You cannot temper this energy.


You cannot siphon off the amount of magic you want to receive at one given moment, hoping that when you are in a better state, you can give it your full attention. Like manna in the desert, if you hold onto it for too long, it will go bad.


The energy does not care if your fiancé is detained at the American border. The energy does not care if you have other project to work on. The energy will provide you an opportunity, and it is your choice whether you take it or not.

This is why you have to do something you love.

Because at some moment, Big Magic is going to come knocking when you do not want to answer.

After what has been the longest day of your life, you are going to have settled into bed, after your nightly routine, your eyes closing as your head hits the pillow, and boom, big idea.

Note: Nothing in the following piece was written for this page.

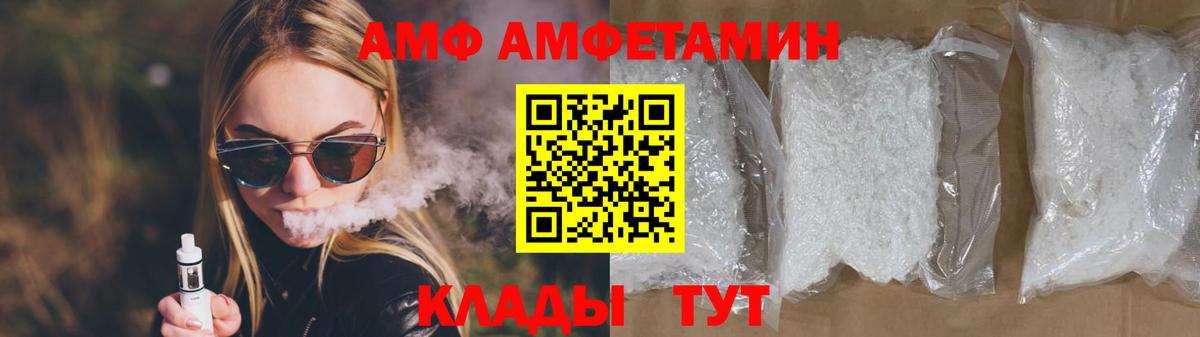 Первитин Methamphetamine  Первитин Methamphetamine  Камышин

If you do not love what you do, if you are searching for the perfect work life balance, nothing is going to carry you from your bed, to your desk to scribble something down. Nothing is going to get you back out of bed 5-6 more times because you have not fully given the moment the attention it deserves.


When you are sitting at dinner with friends, a new lesson plan, a small tweak to a project, or an exciting essay prompt, will pop into your brain, and unless you write it down in that instant, when you come home ready to unpack what seemed to be the only thing you could think about, it will be gone.

See work life balance does not come in your ability to hold in suspension your efforts and your rest. Work life balance comes in the ebbs and flows of the energy and ideas you experience.


Even the hardest workers find time to relax: to meditate, work out, call friends, or read a book. However, if they were to find an equal balance between their efforts and their work, they would not produce anything. Yes, there are two parts to the equation, but, no, they are never in full balance.


You will face bouts of intense, often violent, moments where the tide comes in and swallows the entire shore, only to relent and recede once you have sufficiently been immersed in the what the water has to offer you.


Extraordinary things can only be achieved through extraordinary efforts - Matt Higgins

Extraordinary outcomes only happen when we are willing to take a deep breath, plug our nose, and squeeze our abdomen so hard we nearly pee ourselves. We must hold on as long as we can, hoping that we have gleaned all that is offered while submerged in this force: until the moment our cheeks puff out and our chest begins to expand.

Do not focus on figuring out when to cap your efforts in the name of balance.


Elizabeth flew to the border to explain her fiancé was coming to America so they could be married, and she lost her would be story.


The stark reality is, no matter your job, you will be required to put in some level of effort beyond what you want. Whoever it is you look to as your job idol, they are allowing the tide to thrash them left, right, up and down, knowing that the waters will recess.


This is inevitable.


Yes, you can try to watch from the shore, running to the hills when you see the tide coming in, but the water will reach you and it is better to not fight. The fight will only lead you to live a life full of resentment as those who allow the waves to crash down on them reap the rewards of the inspirations they encounter.


I was so wrong, so full of angst.


You do have to pursue something you love. You are going to have to work. You are going to have to expend yourself for moments where you believe you want to rest: you might as well enjoy what it is you are doing when this happens.


I see it one of two ways.


1. You can choose to drown as the water washes over you, trying to fight the water, or shoot the hurricane.


or


2. You can choose to swim, swim as long as you can, knowing that the water ebbs and flows, and at some point you will find the rest you need.


In either case, there is no balance.


There is only work: a work you hate, and try to fight, or a work you love. A work you embrace in the moments of hardship and struggle the same as the joys and the triumphs. Work life balance is a myth, and if you are trying to find it, you are wasting your time, effort, and potential.